ZADD  course_leaderboard 91.0 "student:1003"
ZADD  course_leaderboard 88.5 "student:1002"
ZREVRANGE course_leaderboard 0 9 WITHSCORES   # Top 10 with scores
ZRANK     course_leaderboard "student:1001"   # Rank (0-indexed)

# ---- HASH (field-value map for an object) ------------------
HSET    student:1001 first_name "Maria" last_name "Hernandez" gpa 3.72
HGET    student:1001 gpa                    # "3.72"
HGETALL student:1001                        # All fields
HINCRBY student:1001 login_count 1          # Atomic increment

4.2 Real-World Use Cases

Redis session management
import redis
import json
import uuid

r = redis.Redis(host='localhost', port=6379, decode_responses=True)

SESSION_TTL = 3600  # 1 hour

def create_session(user_id: int, role: str) -> str:
    token = str(uuid.uuid4())
    session_data = {
        "user_id": user_id,
        "role":    role,
        "created": "2025-10-15T09:00:00"
    }
    r.setex(
        f"session:{token}",
        SESSION_TTL,
        json.dumps(session_data)
    )
    return token

def get_session(token: str) -> dict | None:
    data = r.get(f"session:{token}")
    if data:
        r.expire(f"session:{token}", SESSION_TTL)  # Sliding expiry
        return json.loads(data)
    return None
Redis sliding window rate limiter
import redis, time

r = redis.Redis(host='localhost', port=6379)

def is_rate_limited(user_id: int, limit: int = 100, window_secs: int = 60) -> bool:
    """Allow at most `limit` requests per `window_secs`."""
    key = f"ratelimit:{user_id}"
    now = time.time()
    window_start = now - window_secs

    pipe = r.pipeline()
    pipe.zremrangebyscore(key, 0, window_start)   # Remove old entries
    pipe.zadd(key, {str(now): now})               # Add this request
    pipe.zcard(key)                               # Count in window
    pipe.expire(key, window_secs + 1)             # Auto-cleanup
    results = pipe.execute()

    request_count = results[2]
    return request_count > limit
Redis pub/sub — real-time notifications
import redis, threading, json

r = redis.Redis(host='localhost', decode_responses=True)

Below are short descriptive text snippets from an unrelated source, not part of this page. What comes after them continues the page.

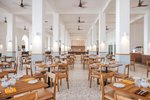 Hlavní restaurace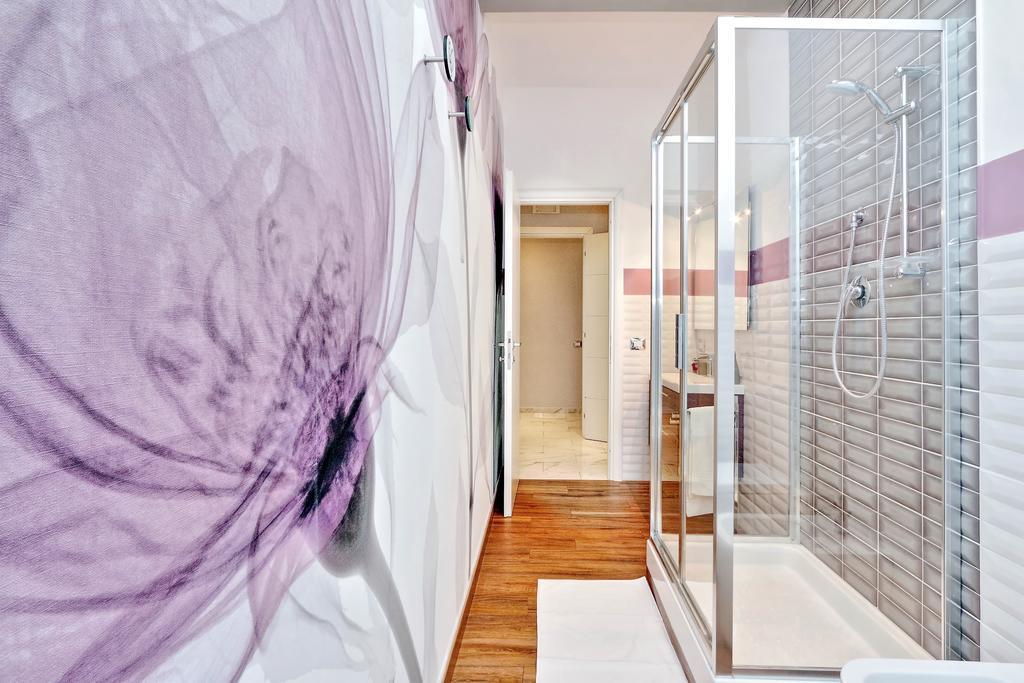 Appartement Feriae Latinae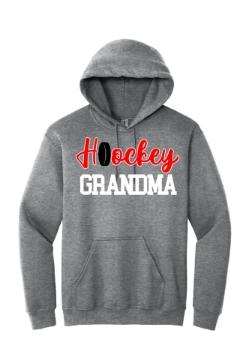 GH - Graphite Heather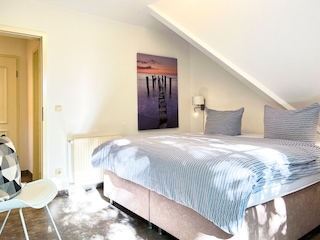 Ferienwohnung Zingst Ausstattung 18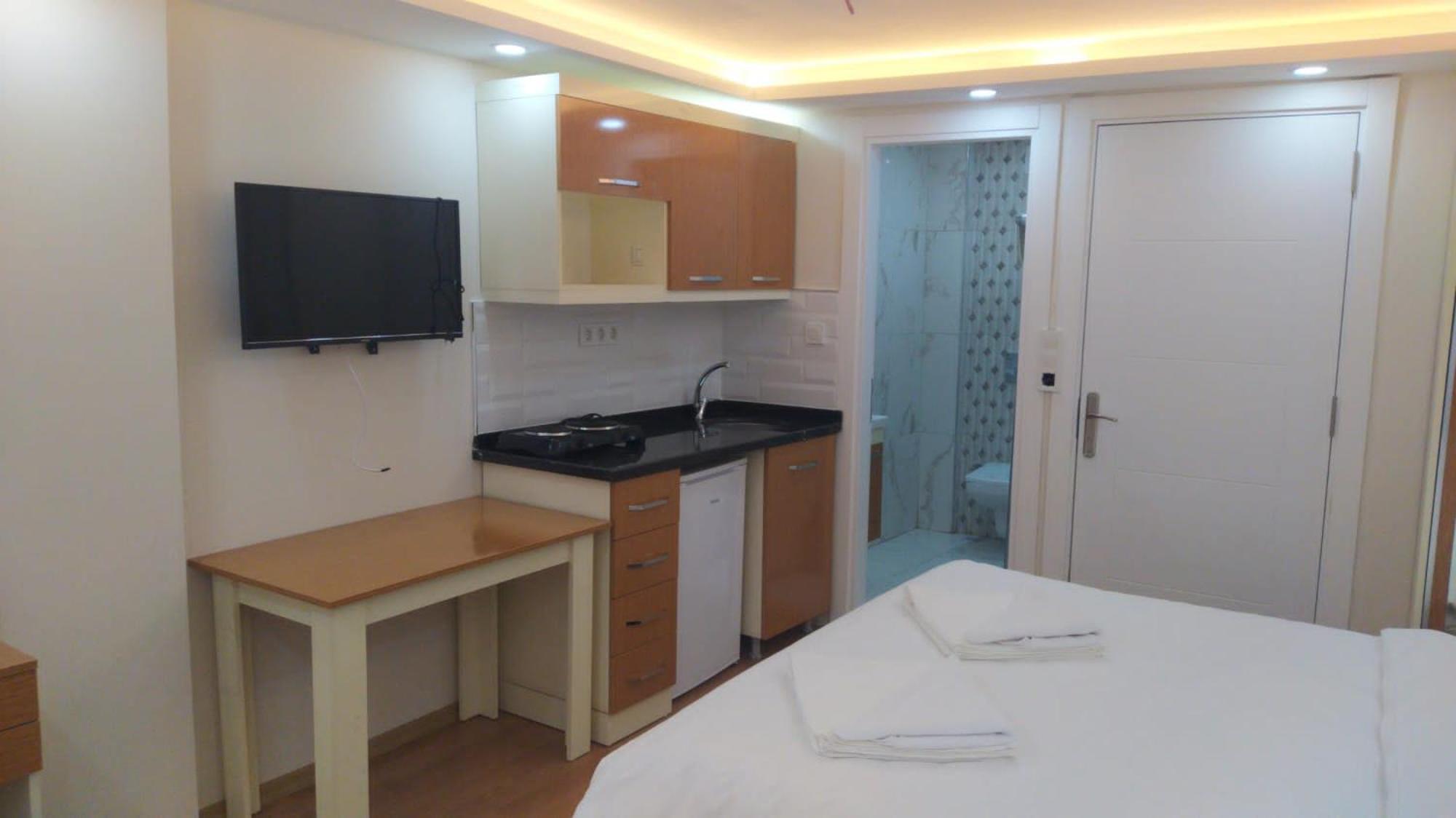 Green Sophia Hotel *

def publish_enrollment_event(student_id: int, section_id: int):
    """Publish event for all interested subscribers."""
    message = json.dumps({
        "event":     "enrollment_confirmed",
        "student_id": student_id,
        "section_id": section_id
    })
    r.publish("enrollment_events", message)

def enrollment_listener():
    """Subscribe and process events."""
    pubsub = r.pubsub()
    pubsub.subscribe("enrollment_events")
    for message in pubsub.listen():
        if message["type"] == "message":
            data = json.loads(message["data"])
            print(f"Sending confirmation to student {data['student_id']}")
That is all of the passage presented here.